⟨

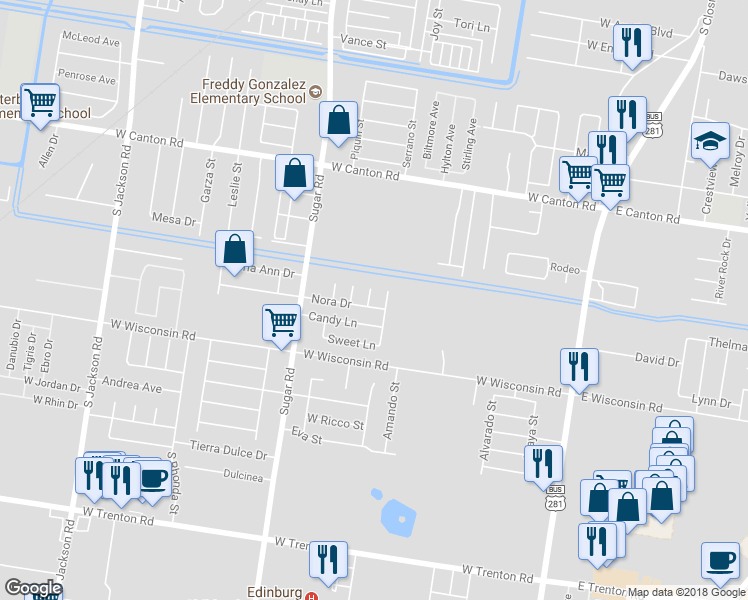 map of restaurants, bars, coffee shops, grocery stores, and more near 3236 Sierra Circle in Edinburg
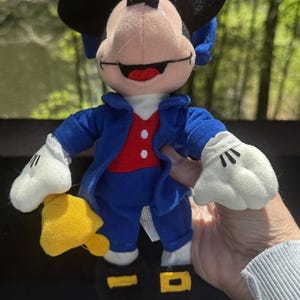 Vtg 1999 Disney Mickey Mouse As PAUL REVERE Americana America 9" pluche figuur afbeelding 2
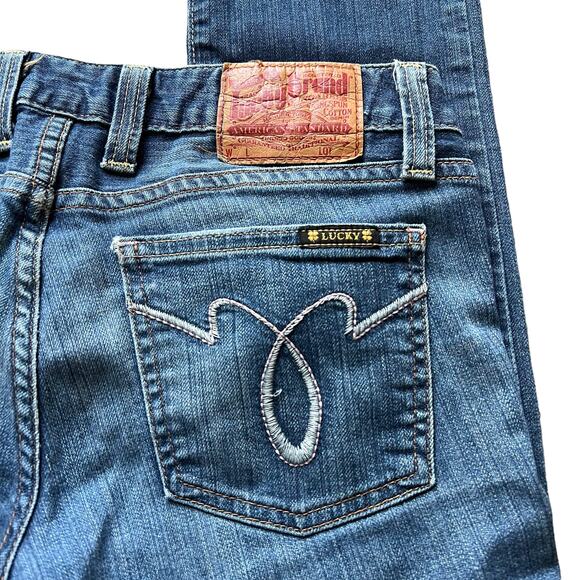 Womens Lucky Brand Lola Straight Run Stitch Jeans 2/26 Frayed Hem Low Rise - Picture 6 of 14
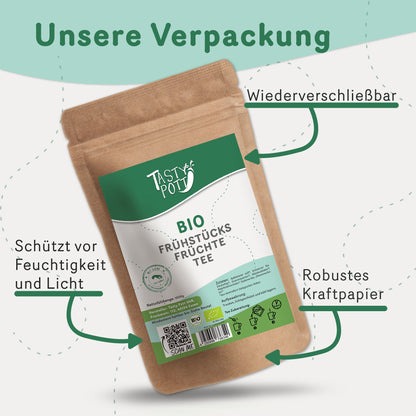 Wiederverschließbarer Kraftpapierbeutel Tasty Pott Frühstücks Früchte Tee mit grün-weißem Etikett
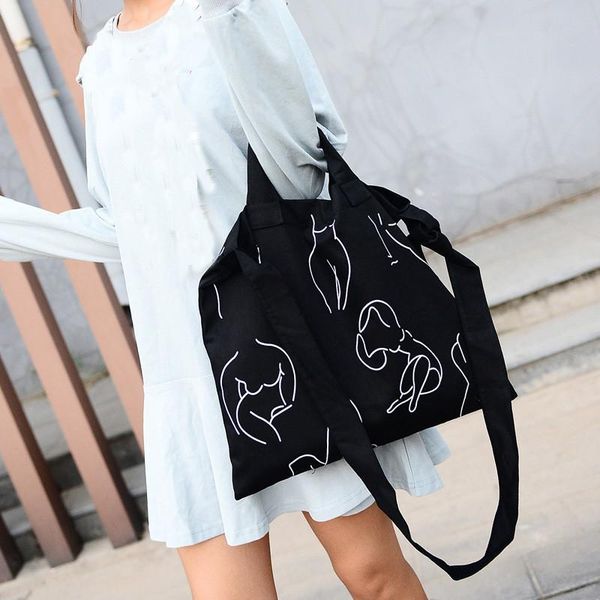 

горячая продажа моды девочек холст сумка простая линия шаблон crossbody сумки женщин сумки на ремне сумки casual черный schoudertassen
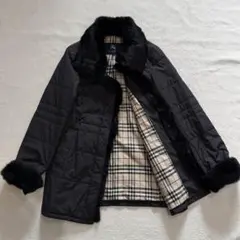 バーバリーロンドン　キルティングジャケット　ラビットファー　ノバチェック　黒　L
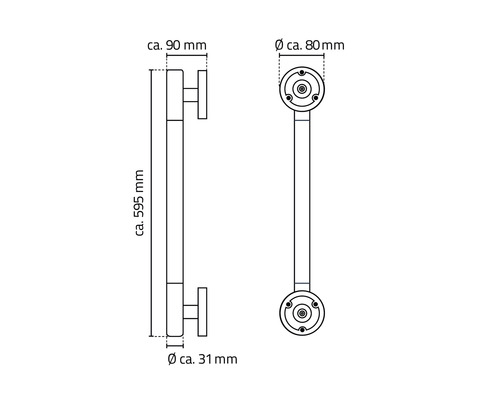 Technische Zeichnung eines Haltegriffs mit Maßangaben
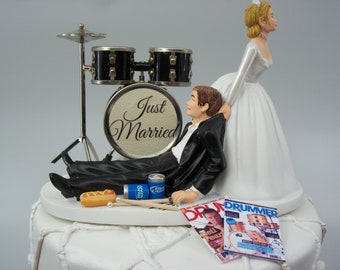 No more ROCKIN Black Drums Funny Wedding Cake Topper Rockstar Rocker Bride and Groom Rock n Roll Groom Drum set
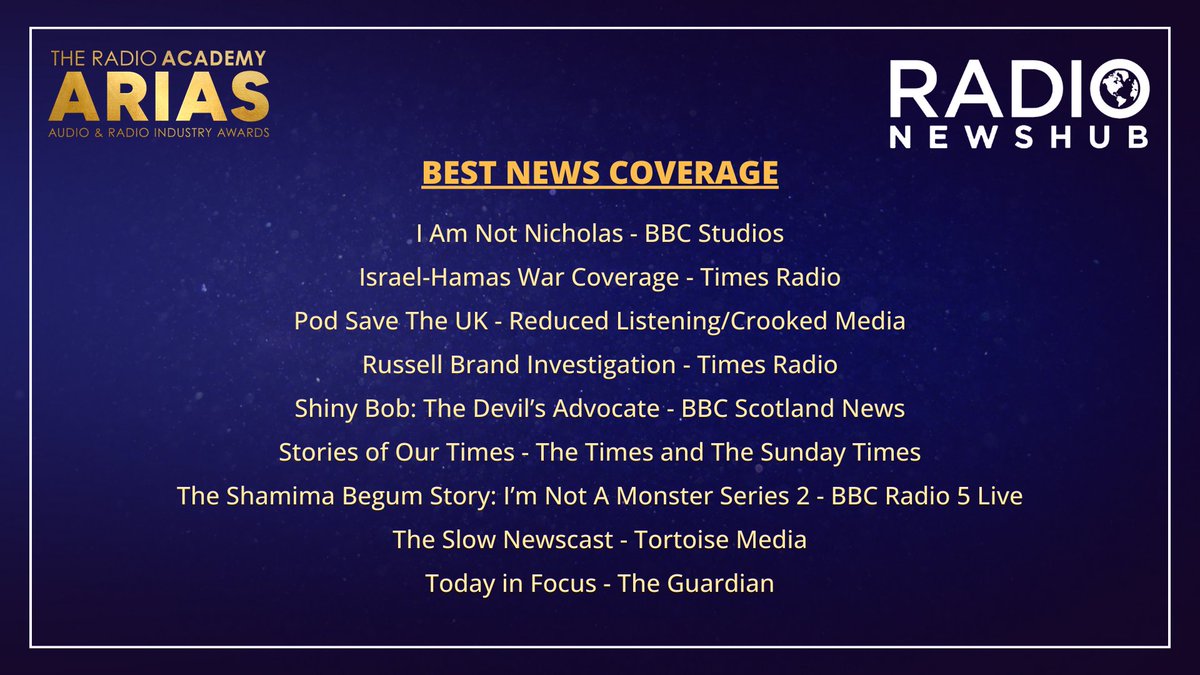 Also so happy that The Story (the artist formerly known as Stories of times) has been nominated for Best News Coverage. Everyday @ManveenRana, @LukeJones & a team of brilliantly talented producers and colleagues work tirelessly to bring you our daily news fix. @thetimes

⟩

Exercise aim — Exactly reproduce the lines above, starting at the one that contains "Womens Lucky Brand" and ending at the one that contains "Technische Zeichnung eines", both inclusive; leave the pictures out and add no other lines.

Exercise output —
 Womens Lucky Brand Lola Straight Run Stitch Jeans 2/26 Frayed Hem Low Rise - Picture 6 of 14
 Wiederverschließbarer Kraftpapierbeutel Tasty Pott Frühstücks Früchte Tee mit grün-weißem Etikett

горячая продажа моды девочек холст сумка простая линия шаблон crossbody сумки женщин сумки на ремне сумки casual черный schoudertassen
 バーバリーロンドン　キルティングジャケット　ラビットファー　ノバチェック　黒　L
 Technische Zeichnung eines Haltegriffs mit Maßangaben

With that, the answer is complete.